Caption-style text data

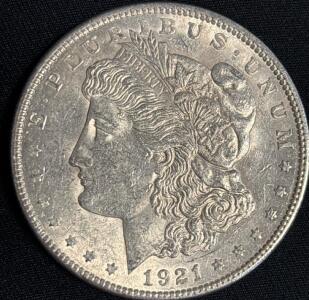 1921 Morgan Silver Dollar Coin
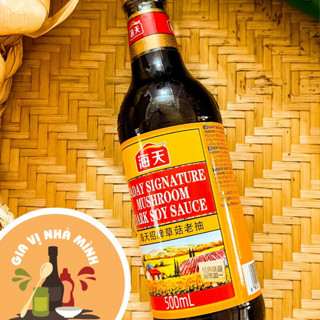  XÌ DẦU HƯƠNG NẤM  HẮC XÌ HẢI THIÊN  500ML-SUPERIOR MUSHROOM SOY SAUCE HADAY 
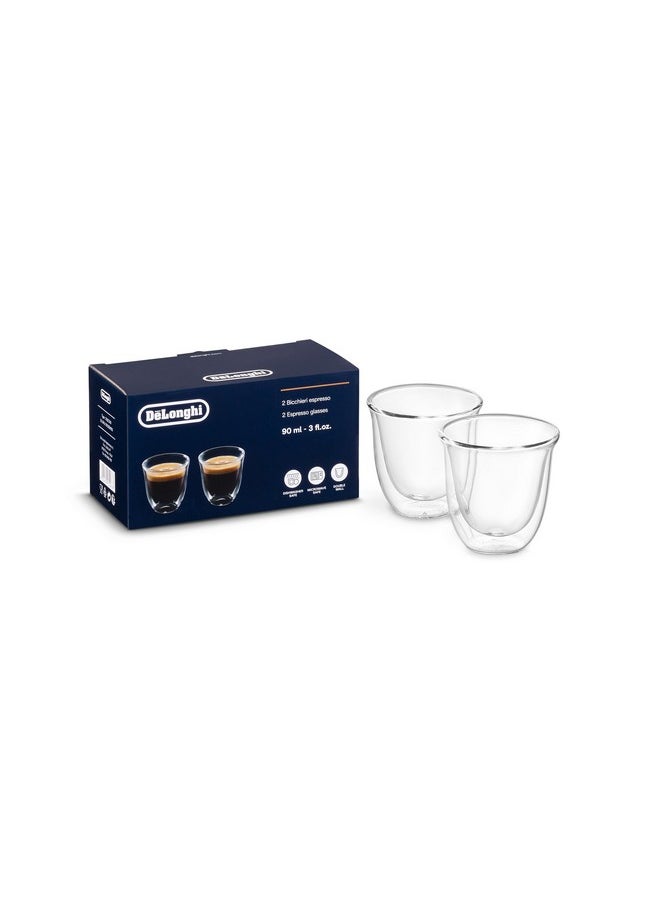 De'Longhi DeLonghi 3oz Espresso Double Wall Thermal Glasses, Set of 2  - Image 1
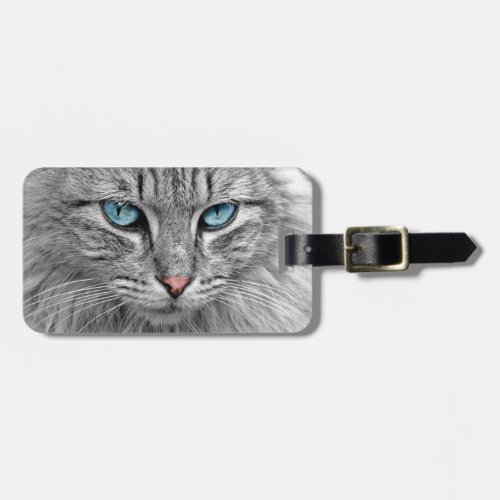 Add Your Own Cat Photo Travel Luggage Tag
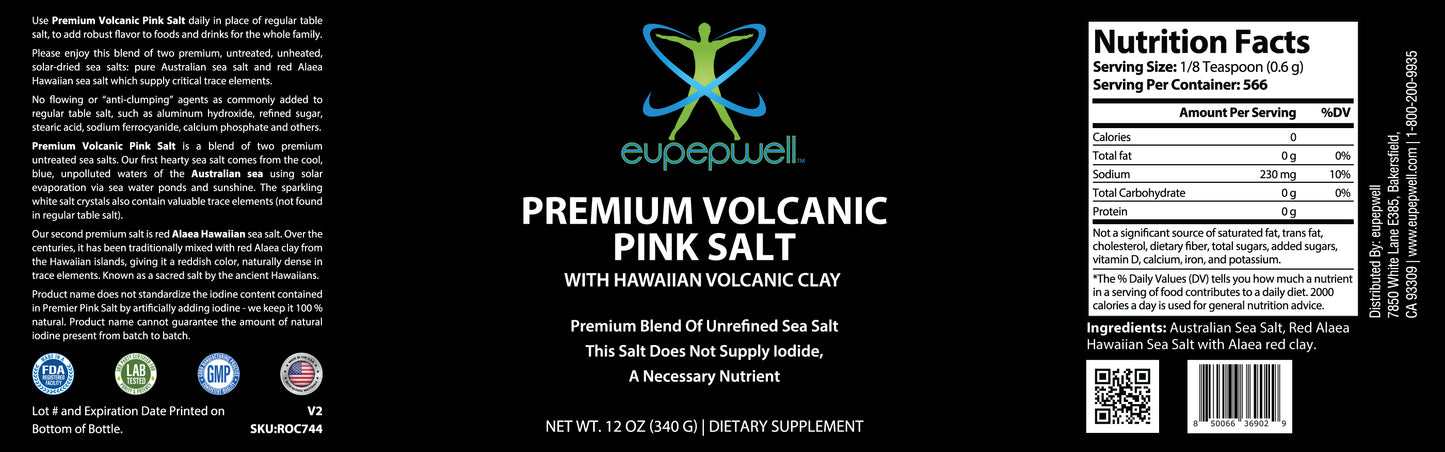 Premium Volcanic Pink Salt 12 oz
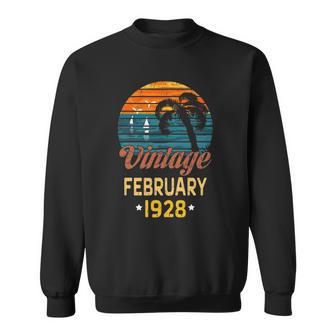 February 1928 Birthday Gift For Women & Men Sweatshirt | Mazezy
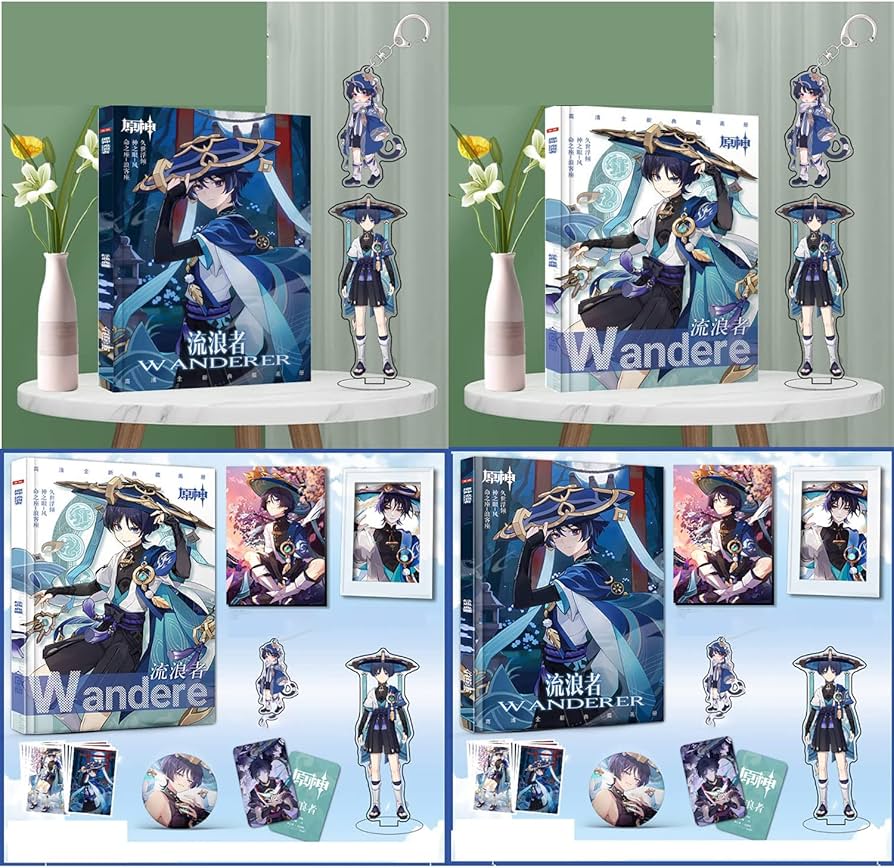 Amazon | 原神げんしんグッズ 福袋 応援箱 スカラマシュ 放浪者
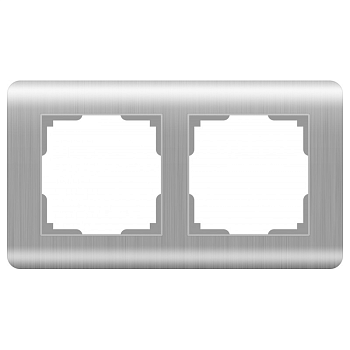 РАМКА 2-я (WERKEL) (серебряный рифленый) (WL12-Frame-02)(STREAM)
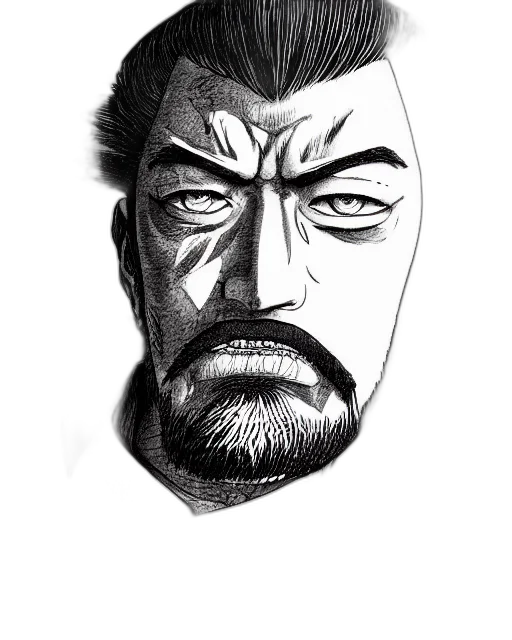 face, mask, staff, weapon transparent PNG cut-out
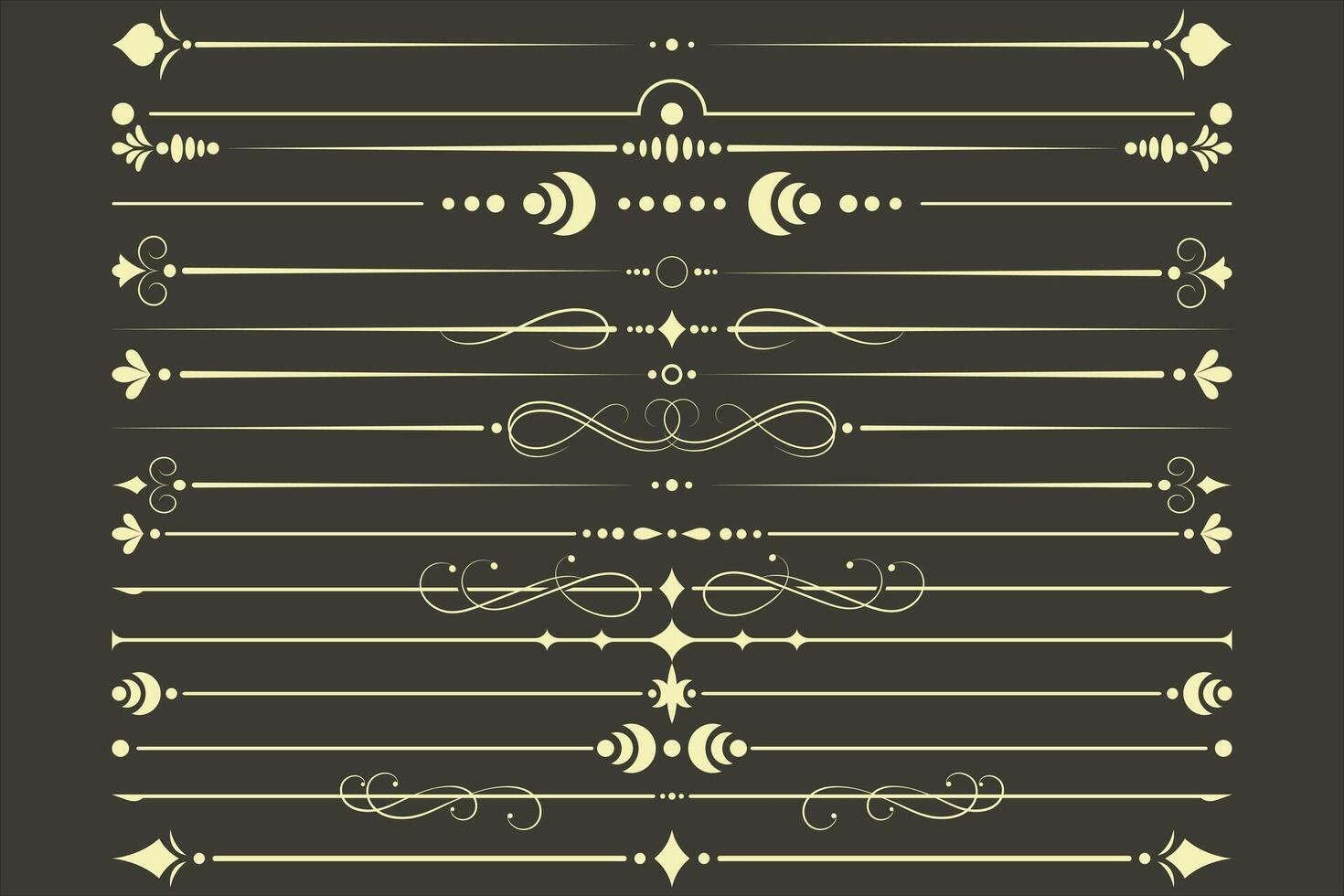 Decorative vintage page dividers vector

WHAT IS NEEDED → Reproduce the lines from the line containing "February 1928 Birthday" through the end of the records above, exactly and inclusively, omitting pictures.

ANSWER SPACE →
 February 1928 Birthday Gift For Women & Men Sweatshirt | Mazezy
 Amazon | 原神げんしんグッズ 福袋 応援箱 スカラマシュ 放浪者
 РАМКА 2-я (WERKEL) (серебряный рифленый) (WL12-Frame-02)(STREAM)
 face, mask, staff, weapon transparent PNG cut-out
 Decorative vintage page dividers vector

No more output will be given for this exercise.